INSTRUCTIONS FOR THE TASK: What is needed is an exact copy of every entry below, with the pictures left out.

TASK MATERIAL:
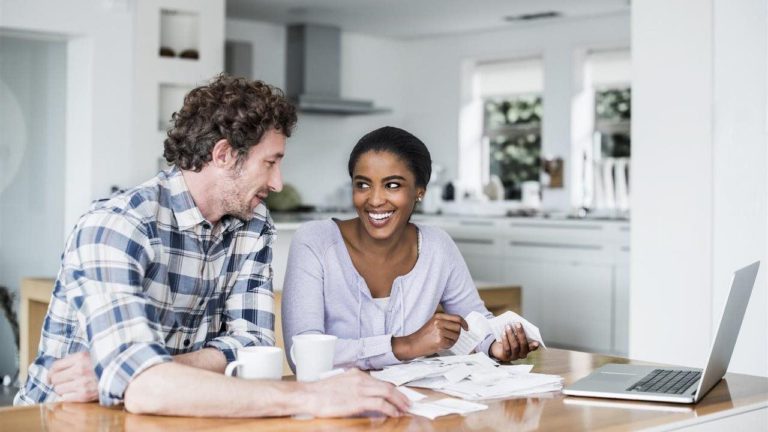 6 simple steps to take control of your finances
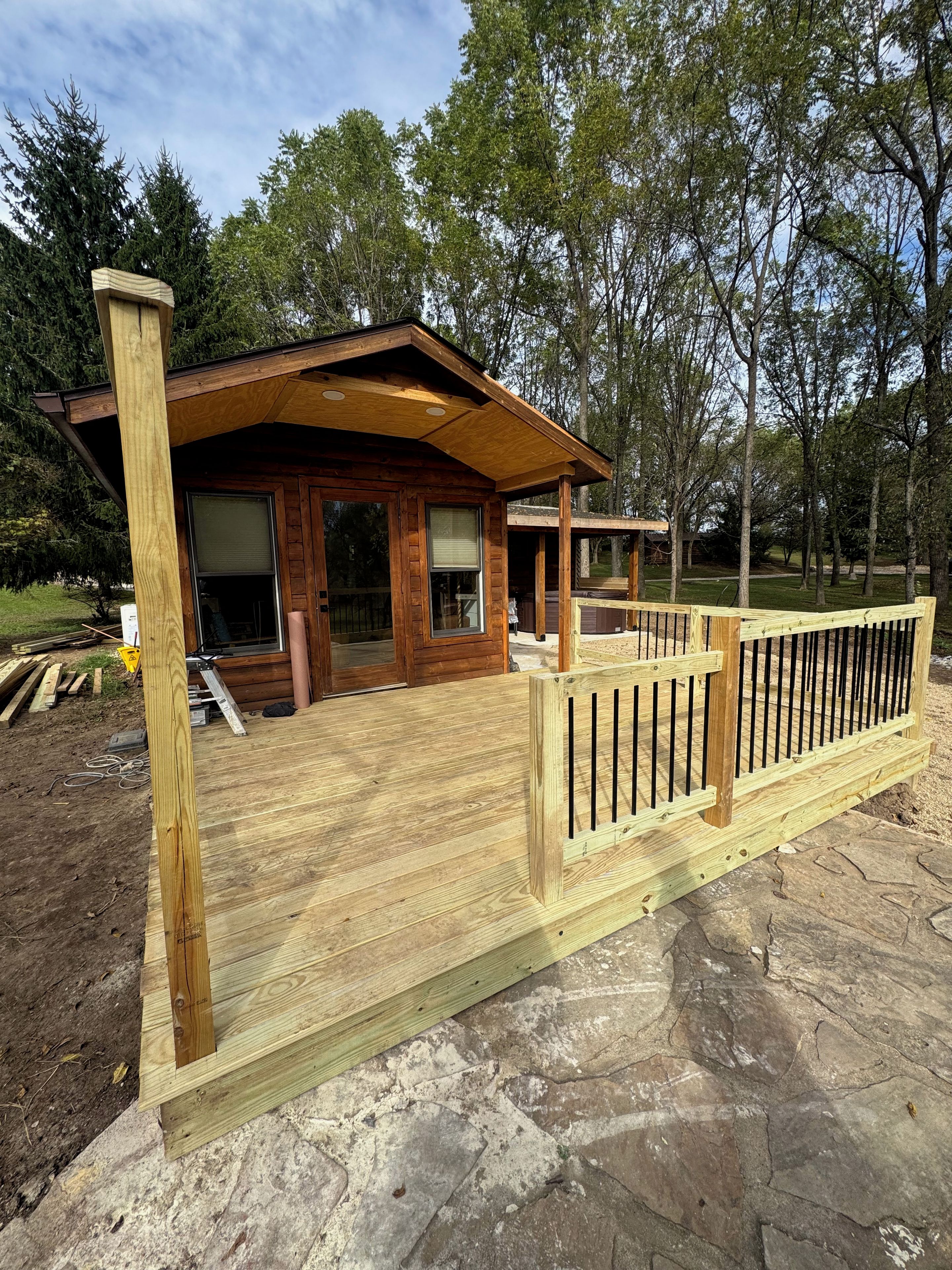 Cozy cabin with spacious new deck in a peaceful wooded setting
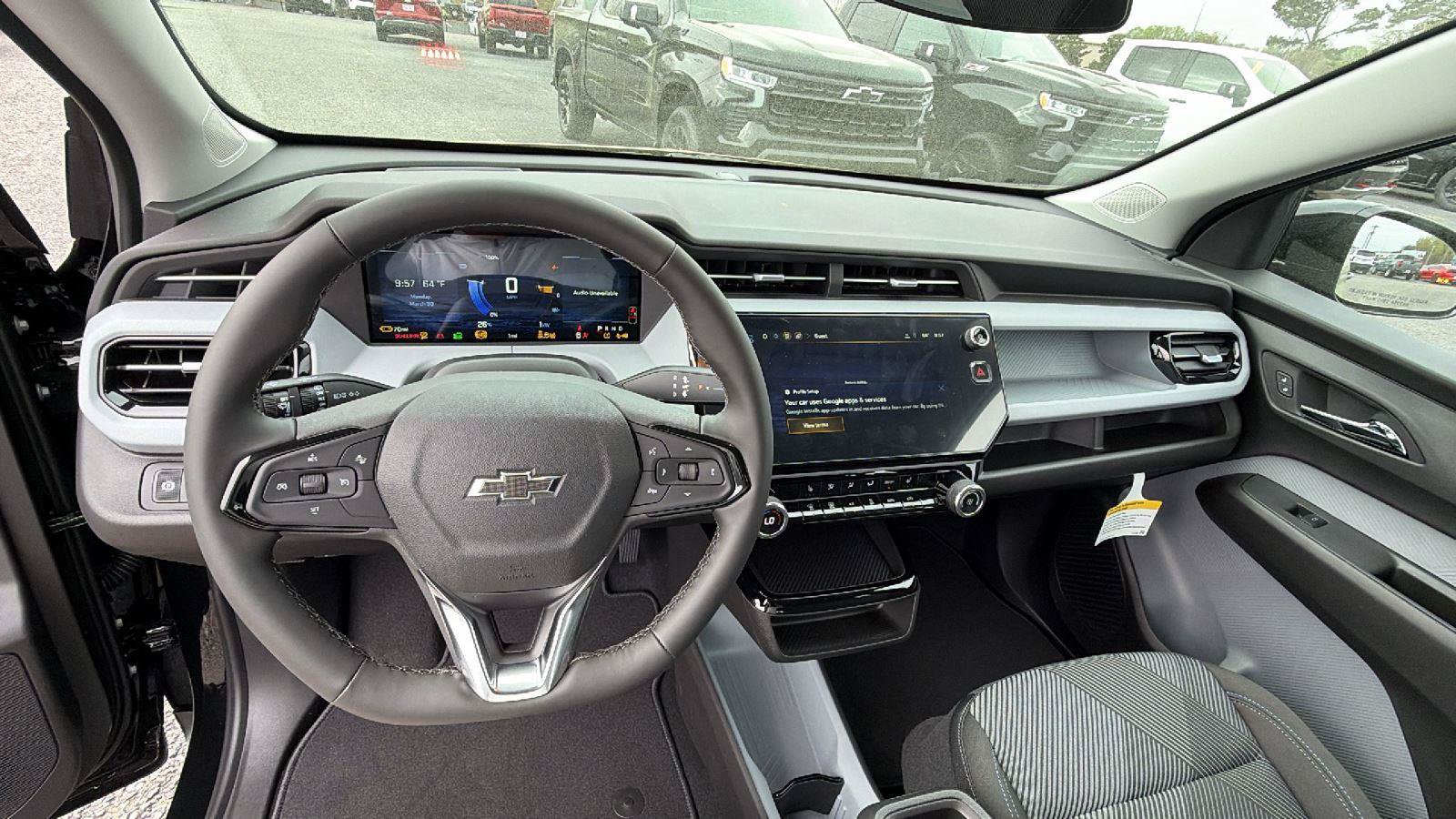 New 2027 Chevrolet Bolt LT w/ Comfort Package FWD image 18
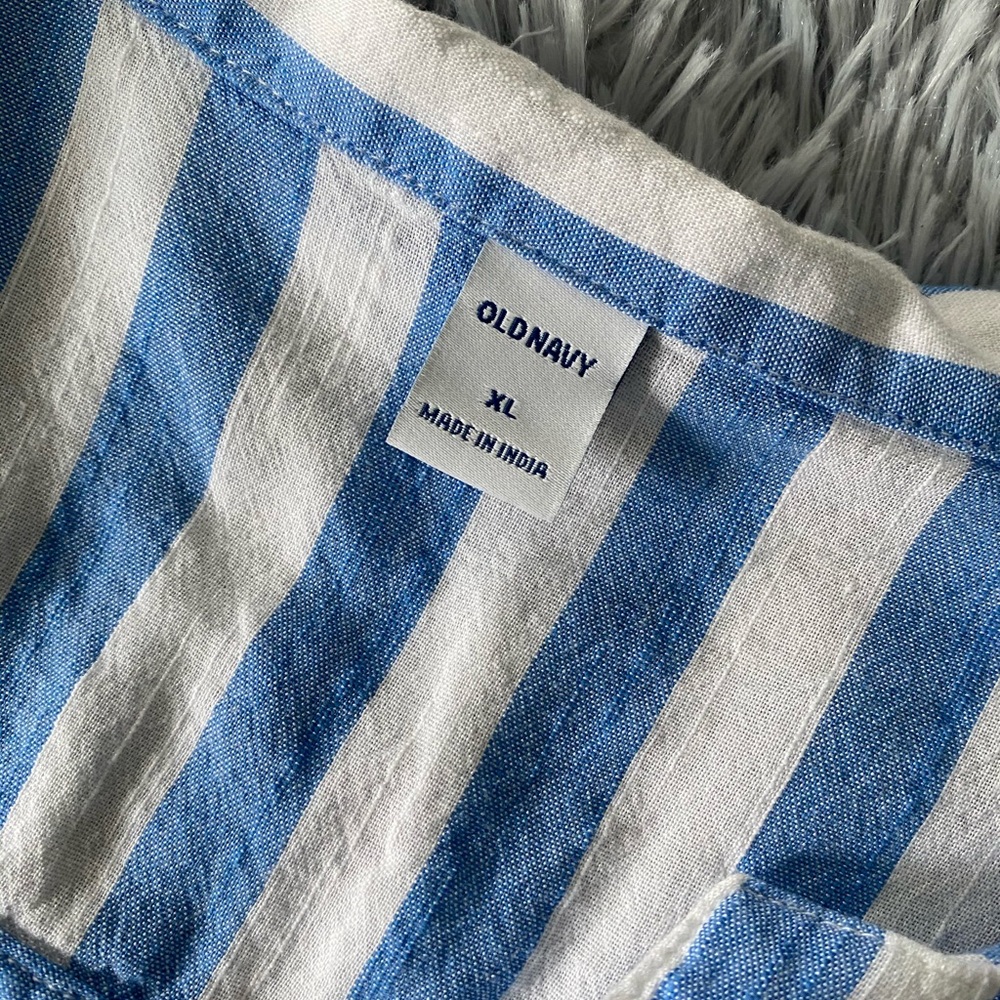 Old Navy button down - Picture 3 of 3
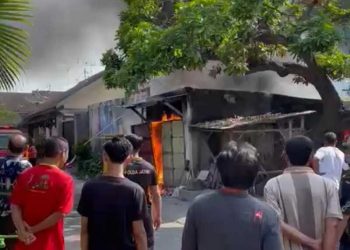 Kios di Tuban.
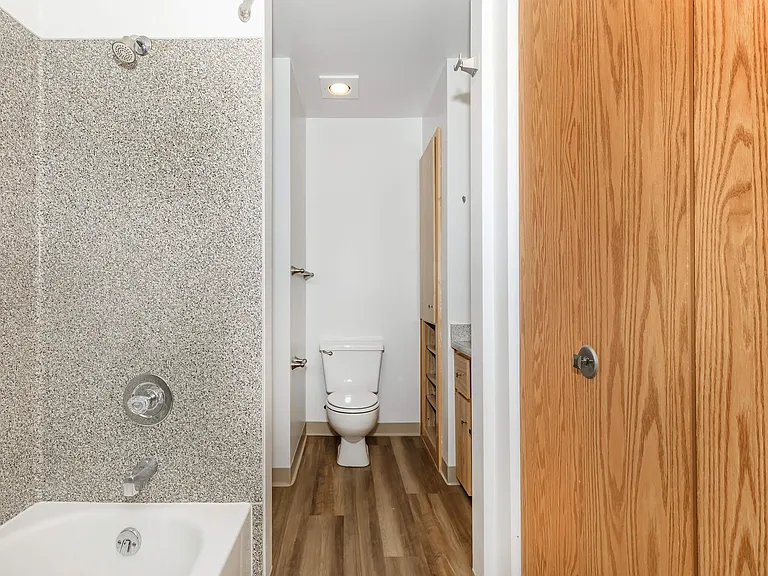 Grandview Apartments — Photo 16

RESPONSE:
 6 simple steps to take control of your finances
 Cozy cabin with spacious new deck in a peaceful wooded setting
 New 2027 Chevrolet Bolt LT w/ Comfort Package FWD image 18
 Old Navy button down - Picture 3 of 3
 Kios di Tuban.
 Grandview Apartments — Photo 16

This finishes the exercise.